For the Sox, Sale’s nothing-held-back performance created an undeniable sense of possibility. In a rotation spot that had been occupied by a succession of openers, Sale offered a glimpse of a stabilizing rotation force — the pitcher who had looked dominant in May (2.25 ERA, 31 percent strikeout rate) before slumping off the mound June 1 with a fissure in his shoulder.
Given the length of his layoff, the performance was remarkable — and significant for a team trying to reassert itself in the playoff hunt.
“He’s going to keep getting better and getting more innings and he’s going to be part of this,” manager Alex Cora said prior to the game. “For us to play in October, we need everybody to contribute. For him to come out here today and be healthy and compete with us, it means a lot to the group.”
Cora said Sale appears stronger now than he was prior to his injury, and the lefthander has reassured his manager that he’ll be fine moving forward. The Sox have him slated to take the mound again Thursday in Washington against the Nationals.
And yet, as impressive as Sale was, as much as he’s tried to assure the Sox he’ll be fine, it’s no longer possible to watch him overpower another team and simply take for granted what he might contribute moving forward. Everyone, even opponents, savors the glimpses of what Tigers manager A.J. Hinch described as “vintage Sale,” while doing so with some trepidation.
“We want to beat him,” Hinch said. “But in the big picture, Chris Sale is an important figure in baseball. He’s a star. He’s a unique pitcher — his size, his angles, the stuff that he’s brought, the success that he’s had, All-Star appearances, Cy Young stuff. Everything about Chris Sale is worth it for everybody to pay attention to.
“So, watching him evolve because of injury is sad, just because, I don’t want anybody to have to go through those injuries. I’m rooting for him from a baseball fan’s standpoint, because he’s done it at the highest level in the most intense environment and on the biggest stage. Guys like that deserve a lot of support.”

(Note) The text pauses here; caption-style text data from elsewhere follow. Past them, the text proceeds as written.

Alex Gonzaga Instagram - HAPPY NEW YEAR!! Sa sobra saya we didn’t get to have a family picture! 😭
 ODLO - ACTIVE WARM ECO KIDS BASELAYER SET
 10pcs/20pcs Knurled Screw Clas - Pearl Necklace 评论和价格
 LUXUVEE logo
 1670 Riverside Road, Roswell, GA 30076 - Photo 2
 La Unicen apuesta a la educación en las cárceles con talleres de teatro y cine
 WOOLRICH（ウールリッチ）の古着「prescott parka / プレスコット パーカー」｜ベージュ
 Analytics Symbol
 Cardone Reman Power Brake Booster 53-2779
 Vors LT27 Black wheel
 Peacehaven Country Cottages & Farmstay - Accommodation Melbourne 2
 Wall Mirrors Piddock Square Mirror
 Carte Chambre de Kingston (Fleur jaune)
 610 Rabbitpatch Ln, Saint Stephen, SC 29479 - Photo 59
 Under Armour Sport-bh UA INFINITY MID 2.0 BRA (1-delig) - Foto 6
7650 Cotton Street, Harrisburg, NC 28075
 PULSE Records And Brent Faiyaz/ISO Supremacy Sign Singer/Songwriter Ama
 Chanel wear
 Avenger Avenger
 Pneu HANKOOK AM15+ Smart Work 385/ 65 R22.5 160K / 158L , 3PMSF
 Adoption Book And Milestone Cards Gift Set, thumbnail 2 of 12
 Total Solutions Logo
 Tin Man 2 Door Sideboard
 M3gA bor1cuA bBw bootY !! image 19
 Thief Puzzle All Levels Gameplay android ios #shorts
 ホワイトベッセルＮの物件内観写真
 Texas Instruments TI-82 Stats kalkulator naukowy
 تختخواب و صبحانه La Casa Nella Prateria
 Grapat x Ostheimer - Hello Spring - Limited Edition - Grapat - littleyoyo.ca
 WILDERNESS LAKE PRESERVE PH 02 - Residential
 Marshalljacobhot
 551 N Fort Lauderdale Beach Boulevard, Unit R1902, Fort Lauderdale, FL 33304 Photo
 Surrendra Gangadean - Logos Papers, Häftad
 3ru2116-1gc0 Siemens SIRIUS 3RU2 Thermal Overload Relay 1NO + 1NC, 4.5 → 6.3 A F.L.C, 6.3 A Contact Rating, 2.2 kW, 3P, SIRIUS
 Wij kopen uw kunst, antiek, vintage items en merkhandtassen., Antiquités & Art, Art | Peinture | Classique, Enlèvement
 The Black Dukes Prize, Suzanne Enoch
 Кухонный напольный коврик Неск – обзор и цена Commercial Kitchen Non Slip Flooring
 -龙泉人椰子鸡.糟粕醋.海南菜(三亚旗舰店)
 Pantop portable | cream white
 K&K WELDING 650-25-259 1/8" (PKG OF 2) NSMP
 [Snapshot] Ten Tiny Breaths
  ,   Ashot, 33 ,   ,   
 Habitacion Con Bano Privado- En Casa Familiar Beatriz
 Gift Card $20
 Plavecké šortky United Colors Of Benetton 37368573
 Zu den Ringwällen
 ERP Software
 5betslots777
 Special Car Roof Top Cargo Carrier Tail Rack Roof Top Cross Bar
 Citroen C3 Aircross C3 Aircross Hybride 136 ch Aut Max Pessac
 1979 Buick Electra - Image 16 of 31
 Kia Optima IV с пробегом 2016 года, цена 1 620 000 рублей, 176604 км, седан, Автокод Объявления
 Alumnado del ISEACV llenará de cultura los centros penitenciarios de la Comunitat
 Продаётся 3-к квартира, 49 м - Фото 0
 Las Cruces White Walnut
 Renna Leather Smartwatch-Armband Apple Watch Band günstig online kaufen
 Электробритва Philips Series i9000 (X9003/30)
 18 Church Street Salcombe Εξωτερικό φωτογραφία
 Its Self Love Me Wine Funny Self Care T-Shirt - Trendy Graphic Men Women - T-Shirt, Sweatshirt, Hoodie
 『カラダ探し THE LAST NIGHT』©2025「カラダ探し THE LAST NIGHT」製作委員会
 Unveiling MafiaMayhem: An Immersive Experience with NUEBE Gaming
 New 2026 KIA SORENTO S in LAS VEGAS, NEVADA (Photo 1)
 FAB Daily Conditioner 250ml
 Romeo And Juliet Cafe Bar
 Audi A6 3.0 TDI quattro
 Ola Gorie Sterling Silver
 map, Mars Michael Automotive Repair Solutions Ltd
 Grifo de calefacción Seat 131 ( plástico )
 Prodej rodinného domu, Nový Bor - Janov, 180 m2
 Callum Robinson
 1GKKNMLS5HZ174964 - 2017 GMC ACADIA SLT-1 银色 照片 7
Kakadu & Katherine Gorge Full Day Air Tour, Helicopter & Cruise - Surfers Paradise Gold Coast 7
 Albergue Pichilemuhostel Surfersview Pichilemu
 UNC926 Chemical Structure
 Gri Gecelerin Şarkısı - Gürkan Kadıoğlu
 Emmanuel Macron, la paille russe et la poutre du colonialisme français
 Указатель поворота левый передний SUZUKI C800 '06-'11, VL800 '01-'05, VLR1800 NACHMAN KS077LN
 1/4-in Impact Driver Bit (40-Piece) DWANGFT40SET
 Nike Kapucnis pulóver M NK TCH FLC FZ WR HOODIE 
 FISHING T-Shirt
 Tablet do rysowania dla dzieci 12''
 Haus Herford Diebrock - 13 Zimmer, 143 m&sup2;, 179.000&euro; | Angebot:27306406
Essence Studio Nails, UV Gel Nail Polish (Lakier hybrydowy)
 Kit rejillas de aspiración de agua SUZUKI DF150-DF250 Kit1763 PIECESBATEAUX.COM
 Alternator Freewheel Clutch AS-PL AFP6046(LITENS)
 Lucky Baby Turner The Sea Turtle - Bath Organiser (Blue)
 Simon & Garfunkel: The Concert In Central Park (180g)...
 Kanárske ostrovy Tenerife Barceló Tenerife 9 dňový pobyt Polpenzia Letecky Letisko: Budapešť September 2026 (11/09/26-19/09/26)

The Sox will attempt to provide just that.
“I don’t want to put the weight on his shoulders,” Cora said, a sentence unintentionally loaded with meaning.
Cora said the team will remain cautious in its usage of Sale, protecting him in any way necessary, whether through extra rest or pitch count limits. It was a message Cora reiterated to Sale when he removed him from the game — one out from being eligible for a win — and letting the 34-year-old depart to a thunderous ovation from the Fenway Park crowd of 32,647.
“In a nutshell, [Cora said] keep your eye on the big picture,” Sale said.
But what is that picture? Based on Friday, it’s that Sale remains a pitcher capable of making a significant impact whenever he is on the mound.
For now, for a team that has been scrambling to piece together its innings, the team will happily accept whatever it can get from a pitcher whose return made its staff look whole again — while hoping that tomorrow does not offer any unwelcome reversals.